I\'ve been trying to understand how to produce a series of values from a Prolog predicate on backtracking. The builtin predicate between/3 will generate all the

Answer 1

What you're really asking is how to create a choice point. You get a solution whenever you have a successful unification. That's what happens in @seanmcl's first predicate:

bet(N, M, K) :- N =< M, K = N.

To get a choice point, you need to have alternatives. There are only two ways to get an alternative in Prolog: with an explicit "or": ;, or by supplying another rule. @seanmcl's code gives another rule, which is idiomatic for this situation.

To give another example, member/2 generates a solution for every item in the list, but there's no magic C function needed, just two rules:

member(X, [X|_]).
member(X, [_|Xs]) :- member(X, Xs).

Let's look at what happens here with member(X, [1,2]). First, the first rule is used and [X|_] is unified with [1,2], producing X=1, _=[2]. This is a successful unification, so a solution is generated. If this fails (such as by you pressing ; at the console), backtracking is initiated. The next choice point is between the two rules, so the next rule is entered. [_|Xs] unifies with [1,2], producing the binding Xs=[2] and then member(X, [2]) is called. Upon re-entry, the same decisions are available to be made again, so the first rule member(X, [X|_]) is applied and the X=2 binding is produced. This is a solution. If you backtrack again, you'll get a harmless failure because neither of the rules unify with [].

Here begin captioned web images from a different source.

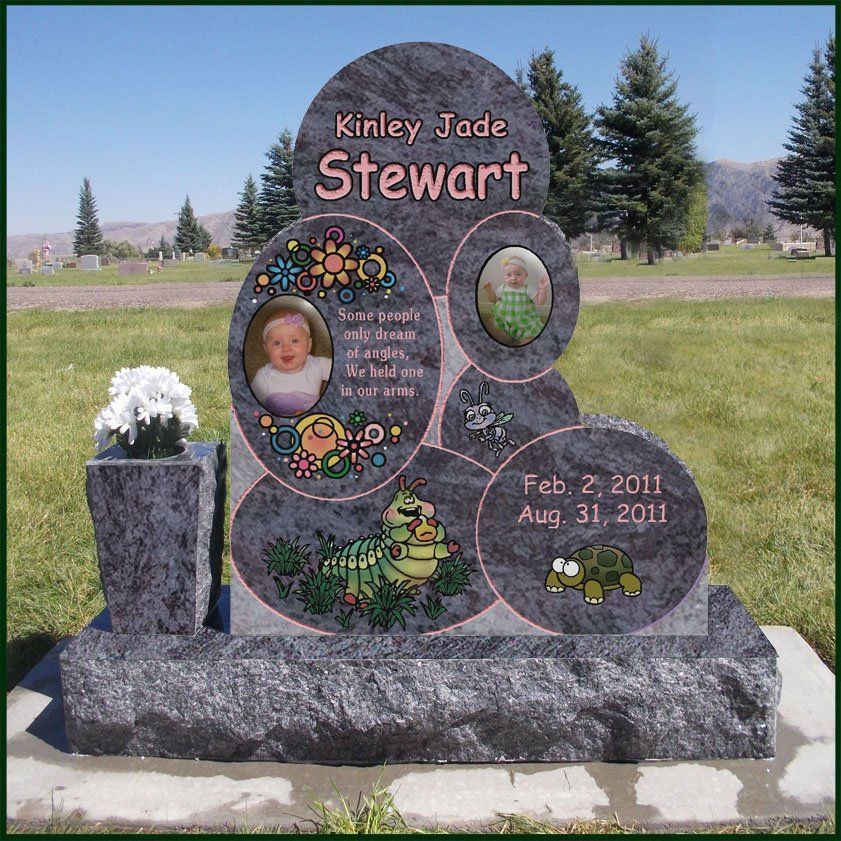 Child memorial headstone with photos, floral etching, and dates in a grassy cemetery.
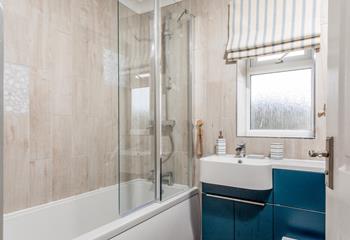 The main bathroom on the first floor, with bath and shower.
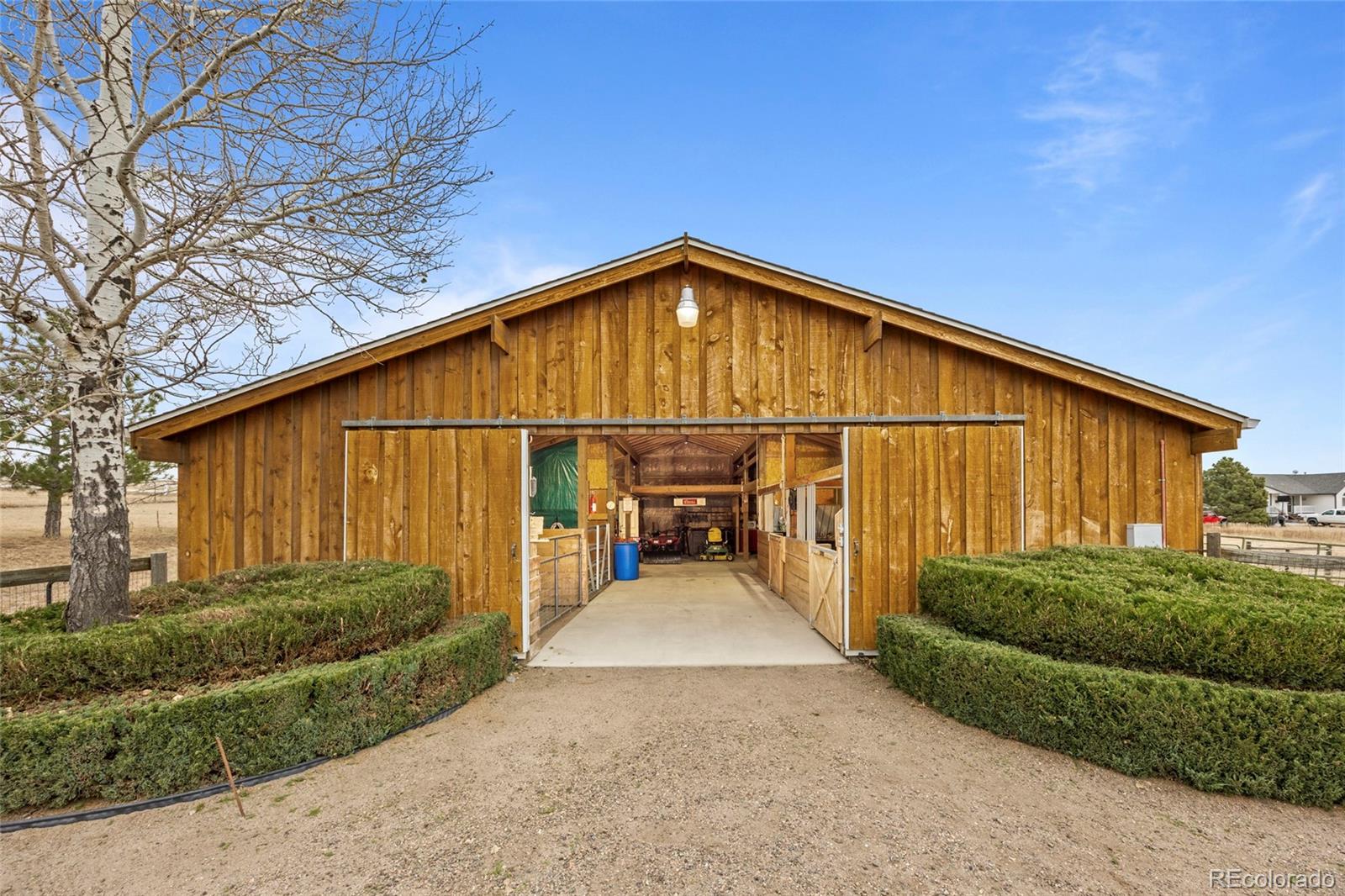 42865 Vista Ridge Road Parker, CO 80138 - Photo 42 of 50 a view of a house with a backyard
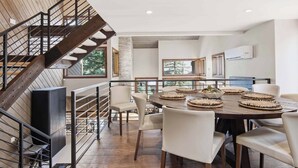 A modern dining area with a round table, white chairs, and a wooden staircase. - Ridgepoint Townhome 166 - 4 Bedroom Residence (Beaver Creek)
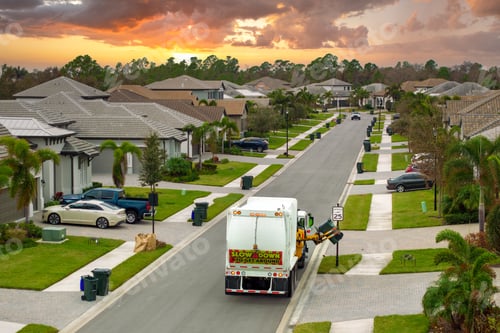 Preview: Automated modern garbage collector truck loading waste on Florida town street.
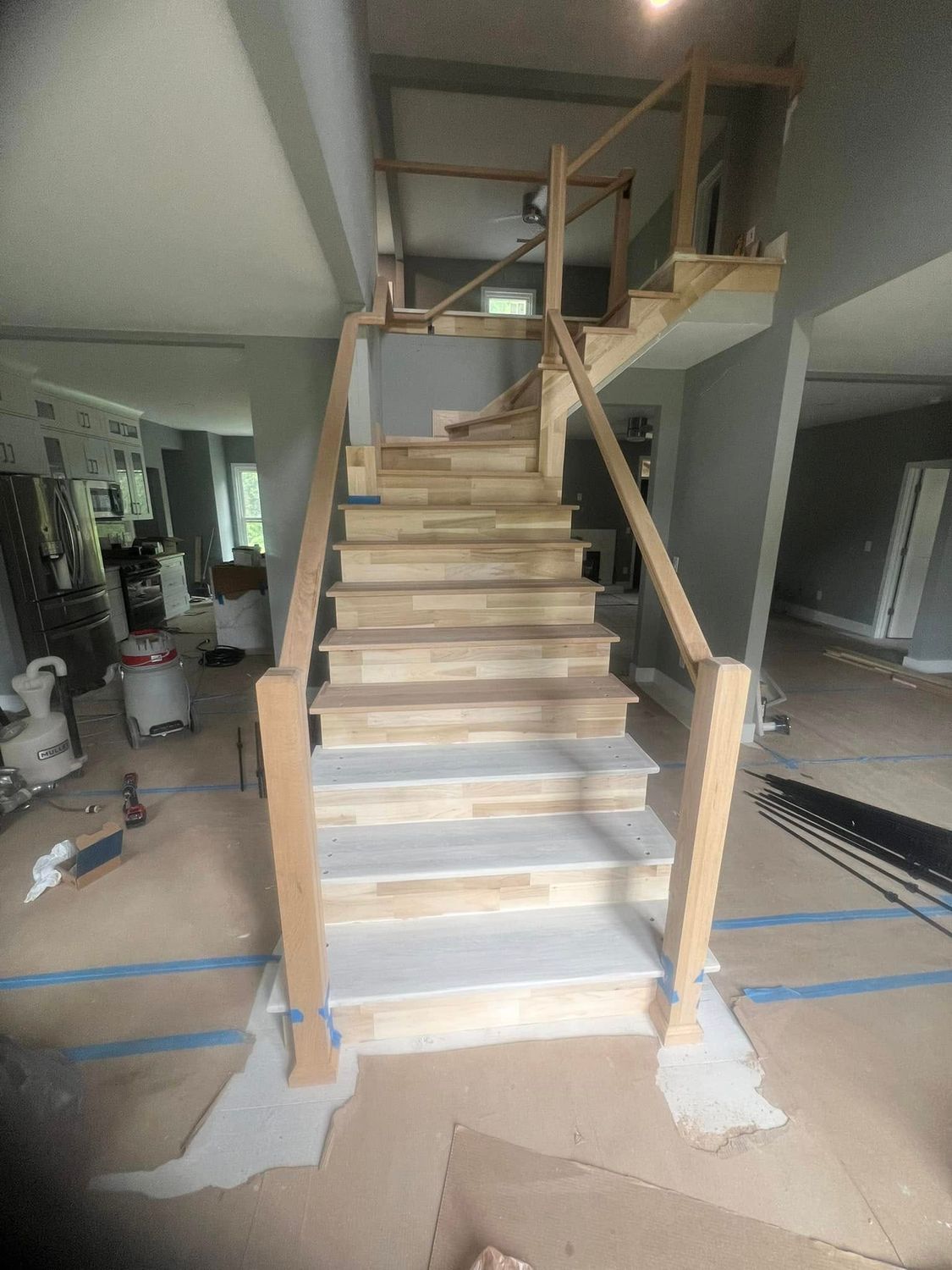 Wooden staircase under construction with railing and newel posts. Interior setting.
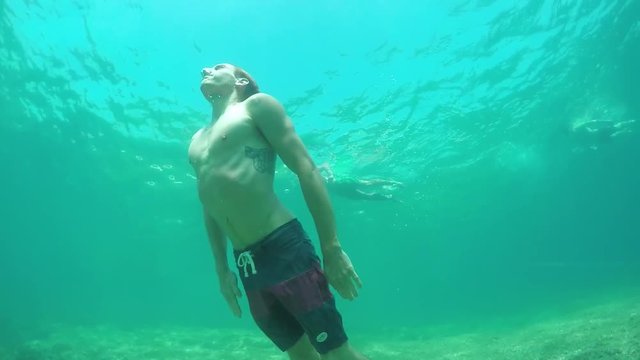SLOW MOTION UNDERWATER: Man swimming in the ocean, coming to the surface for air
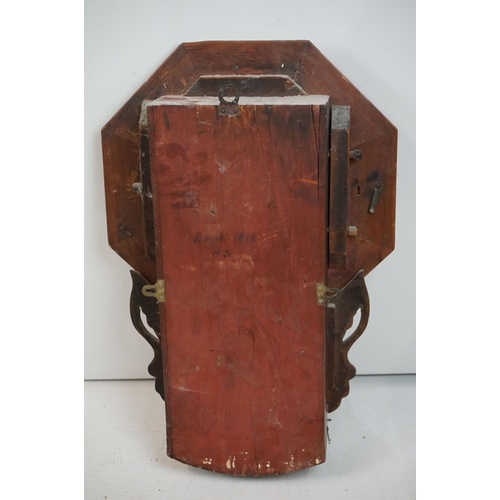 189 - A vintage wooden cased wall clock, white enamel dial with Roman numeral markers.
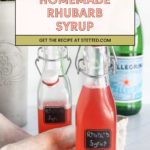 Two glass bottles filled with pink rhubarb syrup sit on a table, with a bottle of sparkling water and a beige cloth nearby. A recipe sign is displayed above the bottles.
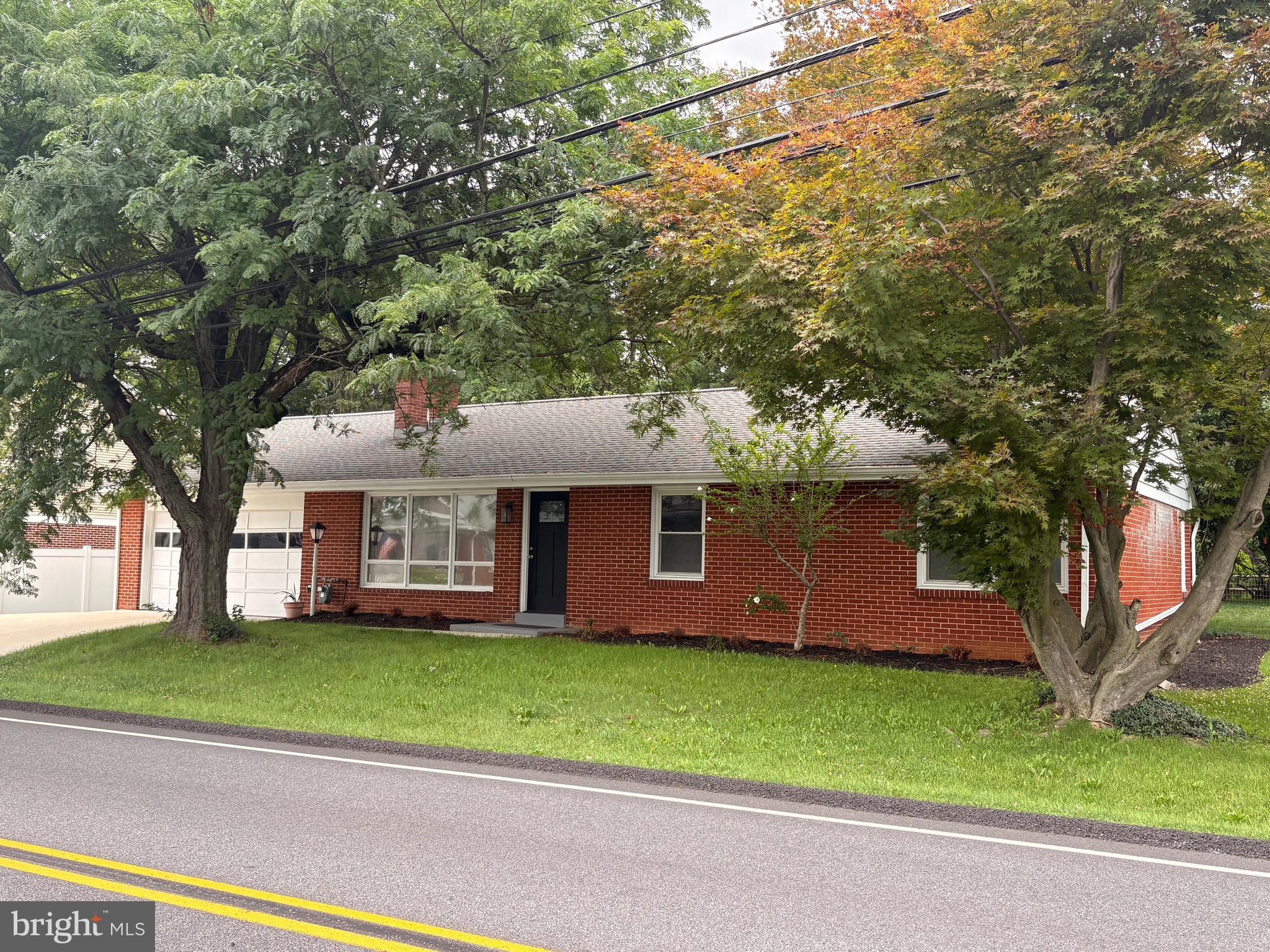 This move-in ready home is located in the heart of the Hershey Village.  It is walking distance to school, the recreation center and in-town shops and restaurants! Plus it comes with all the amusement park perks enjoyed by adding a villager pass endorsement to your season passes! As you enter, the light and bright living room you'll enjoy a cozy fireplace- an ideal space to read a good book or relax with friends. The open kitchen, dining area and family room make entertaining a breeze! The breakfast bar provides a good spot to have quick meals or complete homework and ample counter space helps with meal preparation. The large primary bedroom has an en-suite with a walk-in shower.  Two additional good size bedrooms and another full bath round out the ground level. The lower level offers a large family room with a bar for entertaining, a private room for an office or small gym, a full bathroom, and large storage rooms. With 2610 sq feet of living space, there is something for everyone. The home comes with all appliances, an integrated home security system, and an optional newly installed stair lift. Enjoy outdoor living? The large covered patio and fenced yard with ample shade trees, established raspberry bushes, and constructed garden beds, will be the place for you! Barbecue or enjoy listening to Hershey's Summer Concerts from your own backyard. Located in the desirable Derry Township/Hershey School District and approximately 1 mile to Hershey Medical Center, schedule your showing today! Home is virtually staged in some photos.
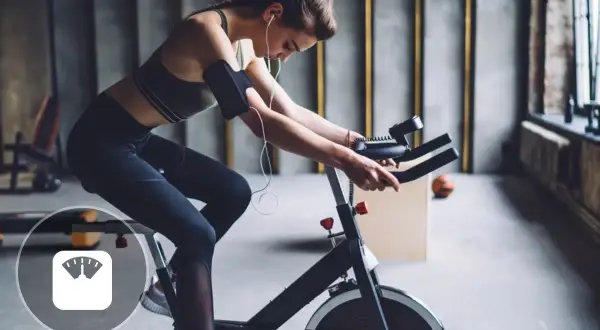 Femme en tenue de sport faisant du spinning, un sport qui aide à perdre du poids.
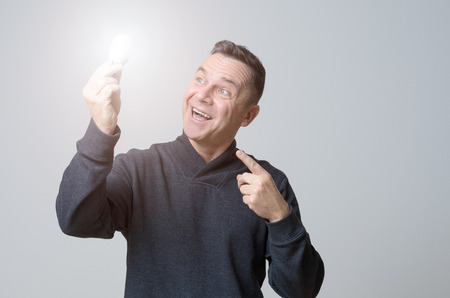 Motivated middle-aged man holding a brightly glowing light bulb with a look of gleeful wonderment conceptual of having a bright idea, breakthrough, inspiration or finding the solution to a problemの写真素材
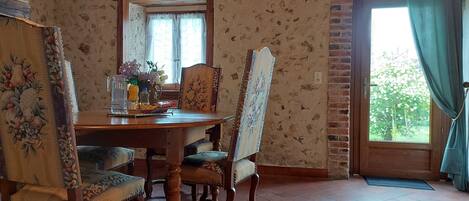 Un coin repas avec une table en bois, des chaises à motifs floraux et une vue par une fenêtre ornée de rideaux.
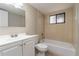 Full bathroom with shower-tub combo, vanity, toilet and window providing natural light at 7266 Swallow Run # 7266, Winter Park, FL 32792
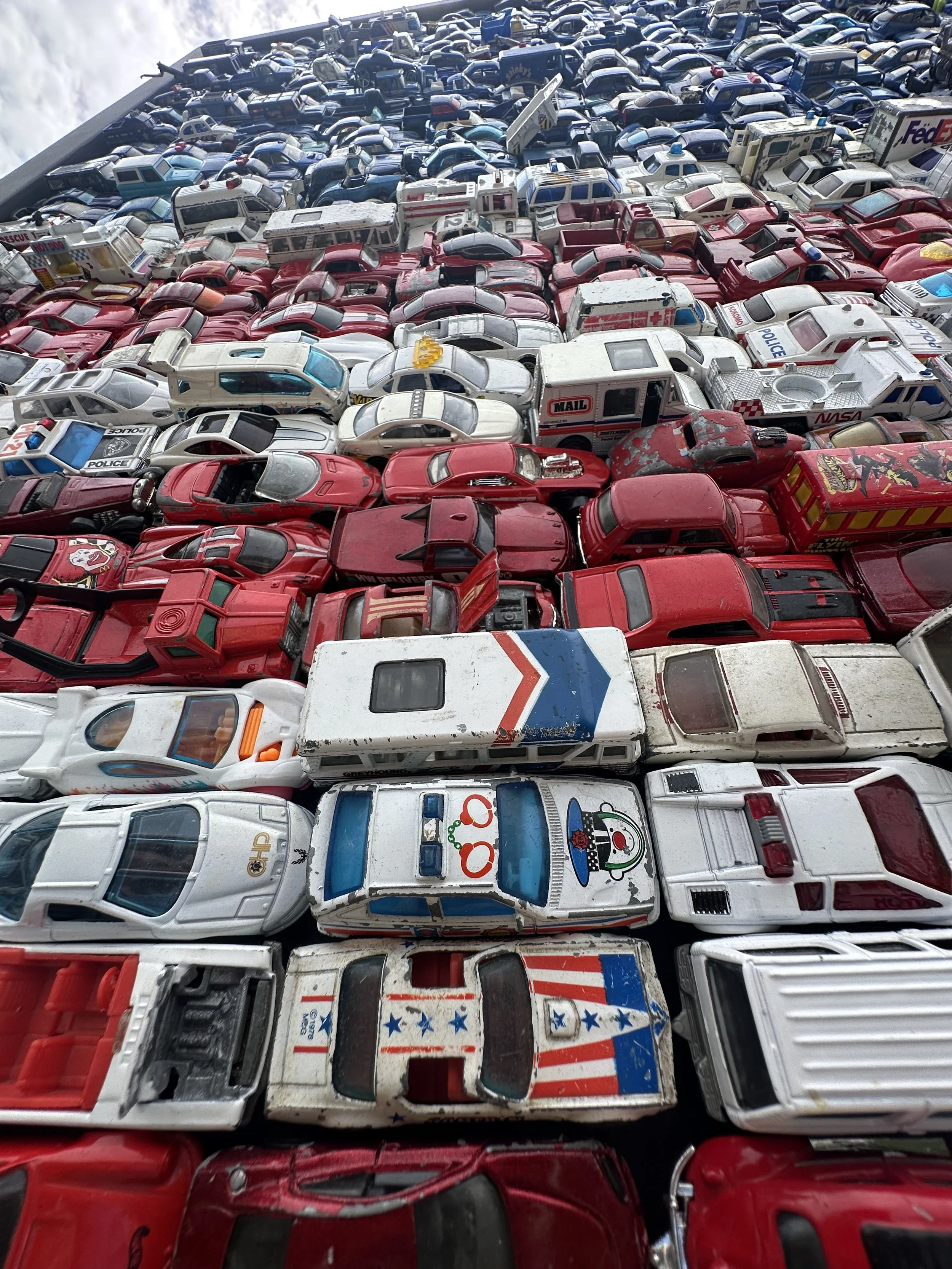 A large collection of toy cars, arranged in rows by color, with red, white, and blue vehicles prominently visible.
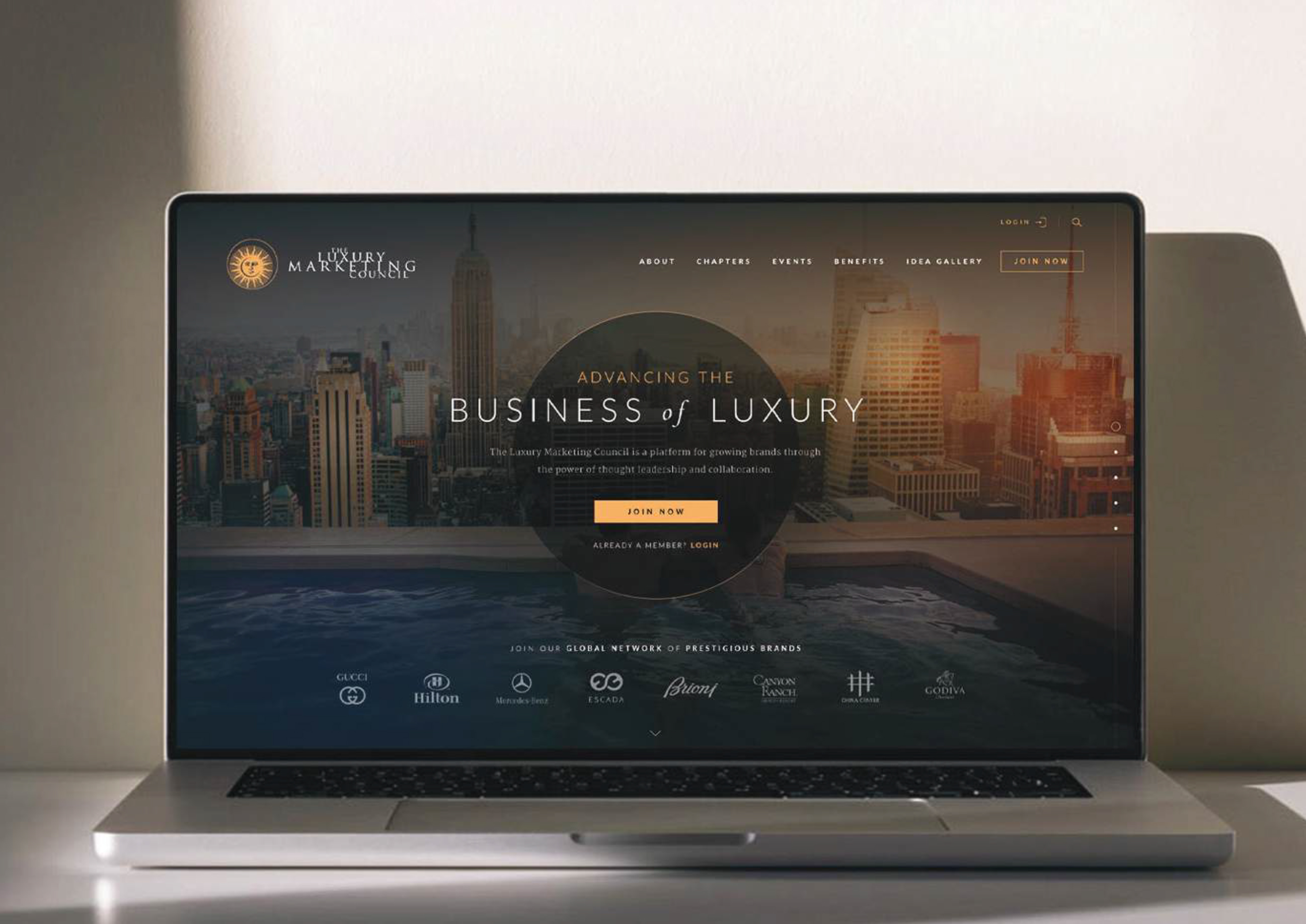 Luxury Marketing Council homepage displayed on a laptop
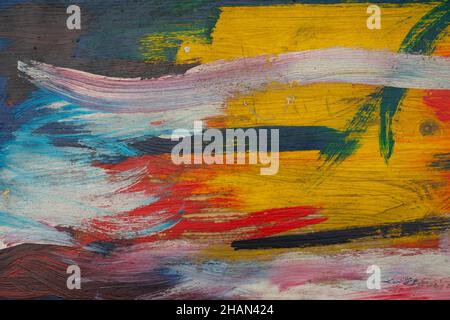 colored spots of paint on a wooden textured board, yellow green bloom paint texture, chaotic strokes of paint Stock Photo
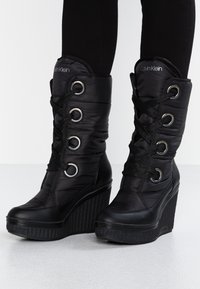 Botines negros de cuña con exterior brillante de nailon, con cordones delanteros, ojales metálicos y suela de cuña texturizada. Logo de la marca visible.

I hope this helps make sense of the situation a little bit.

Answer 2

bet(N, M, K) :- N =< M, K = N.
bet(N, M, K) :- N < M, N1 is N+1, bet(N1, M, K).

In action:

$ swipl
?- [bet].
% bet compiled 0.00 sec, 1,064 bytes
true.

?- bet(1,5, K).
K = 1 n
K = 2 n
K = 3 n
K = 4 n
K = 5 n
false.

If you use a cut, you can prevent the final search failure, and recover the exact builtin between/3 behavior:

bet(N, M, K) :- N < M, K = N.
bet(N, M, K) :- N == M, !, K = N.
bet(N, M, K) :- N < M, N1 is N+1, bet(N1, M, K).

In action:

?- [bet].
% bet compiled 0.00 sec, 416 bytes
true.

?- between(1,5,K).
K = 1 n
K = 2 n
K = 3 n
K = 4 n
K = 5.

?- [bet].
% bet compiled 0.00 sec, 240 bytes
true.

?- bet(1,5,K).
K = 1 n
K = 2 n
K = 3 n
K = 4 n
K = 5.